Ternyata semangat yang sama sering juga terjadi. Sangat sulit untuk bisa fokus, karena semua dianggap penting. Ternyata sangat sulit untuk membedakan antara mana yang utama, sangat penting, penting, agak penting, tidak penting, bahkan bisa-bisa dengan yang sangat tidak penting. Hal itu terjadi oleh sebab sudah terpola dengan sikap hidup keseharian kita. Campur aduk sudah menjadi pola kita. Fokus, konsekwen, konsisten, dan responsibel?, ah...!!.
Okay... Katakan misalnya di Fakultas Hukum, atau di Fakultas Ekonomi, atau Fakultas apa sajalah.

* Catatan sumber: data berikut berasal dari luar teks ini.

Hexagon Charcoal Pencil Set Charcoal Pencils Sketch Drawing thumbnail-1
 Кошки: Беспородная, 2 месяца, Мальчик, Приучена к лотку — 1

Seringkali hal yang bukan bidangnya dipaksakan untuk masuk. Juga ditingkatan-tingkatan lain, bahkan sedari tingkatan bawah.
Katakan suatu misal di Fakultas Hukum. Dalam penyusunan korikulum mata kuliah selalunya yang muncul adalah ini penting, itu penting, banyak hal yang dipandang penting, padahal bukan bidang ilmu hukum.

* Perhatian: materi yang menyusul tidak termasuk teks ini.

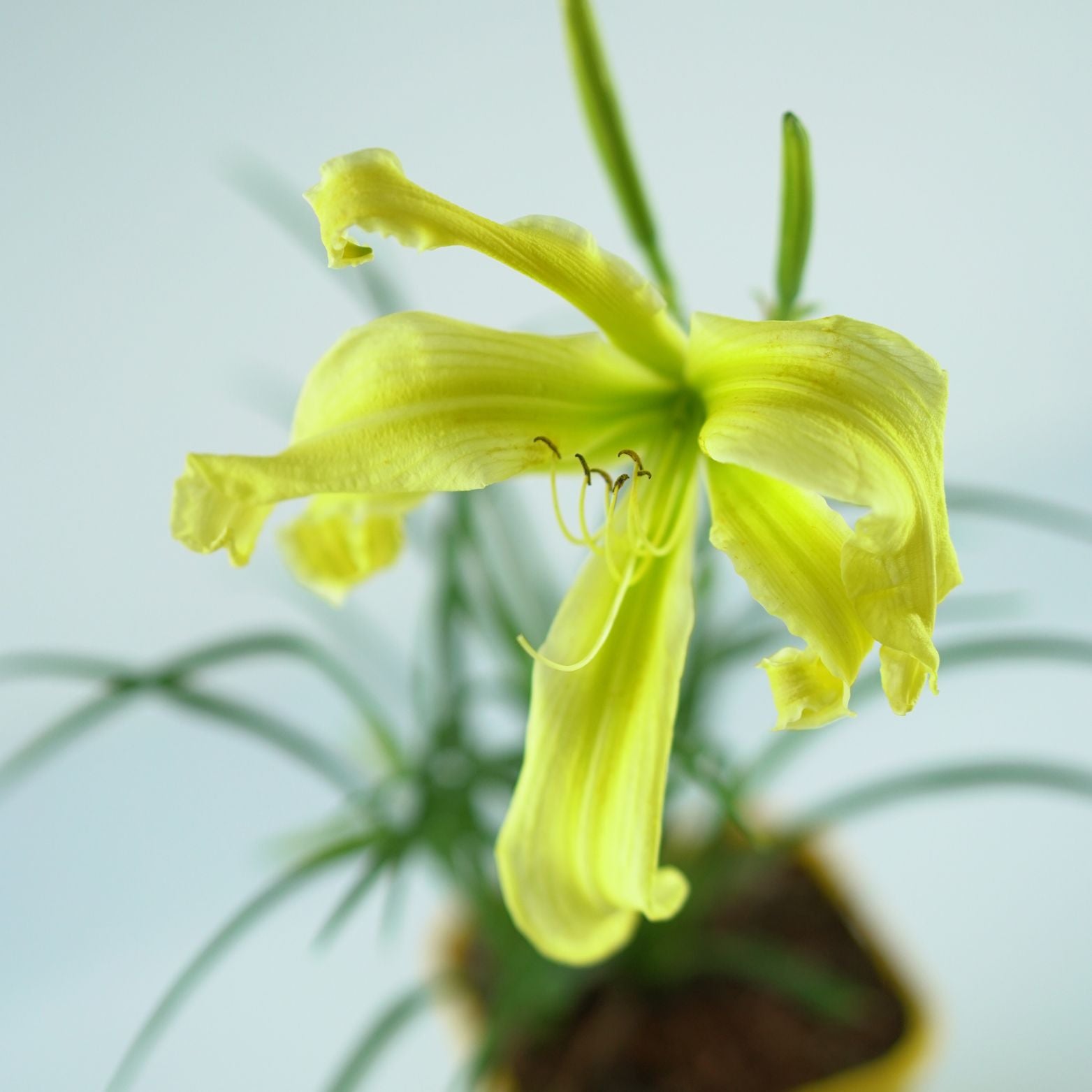 HEMEROCALLIS 'Heavenly Flight of Angels' Liliowiec ogrodowy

Lalu apa yang terjadi dalam pembahasan?. Mata kuliah (atau pelajaran) agama penting, penting sekali, sangat penting sekali;
oh iya, juga sejarah perjuangan bangsa itu penting, penting sekali, sangat penting;
oh iya, P4 itu penting, penting sekali, sangat penting;
oh iya, filsafat itu penting, penting sekali, sangat penting, (oh iya, untuk memahami fisafat kita harus terlebih dahulu memahami logika, maka logika itu penting, penting sekali, sangat penting sekali);
oh iya, manajemen itu penting, penting sekali, sangat penting sekali;
oh iya, ekonomi pembangunan itu penting, penting sekali, sangat penting sekali;
oh iya Kemuhammadiyahan itu penting, penting sekali, sangat penting sekali, (mungkin begitu kalau di lembaga pendidikan yang dikelolah Muhammadiyah. Kalau yang dikelolah NU mungkin KeNUan dan/atau ASWAJA, demikian pula yang PERSIS, serta lembaga-lembaga sosial keagamaan yang lain;
dan lain-lain lagi.
Sehingga dengan demikian kita menjadi rancu, bobot kulrikulum kita sangat padat. Kita tidak lagi mampu membedakan mana ranah keilmuan dan ranah doktrinasi.
Itu belum lagi masuknya kepentingan-kepentingan yang lain, termasuk yang bersifat individu. Semisal, tatkala suatu mata kuliah atau suatu mata pelajaran itu atas dasar hasil evaluasi dipandang tidak perlu lagi untuk tidak disajikan, lalu muncul ungkapan, ‘kalau itu dihapus, saya harus pegang matakuliah (mata pelajaran) apa?, saya kan harus mempersiapkan dari awal lagi, harus belajar lagi, tentu harus membeli buku lagi, dan seterusnya’. Maka, tentu dengan demikian makin kabur dan kabur, karena dihadapkan pada dilema-dilema yang tidak substansional.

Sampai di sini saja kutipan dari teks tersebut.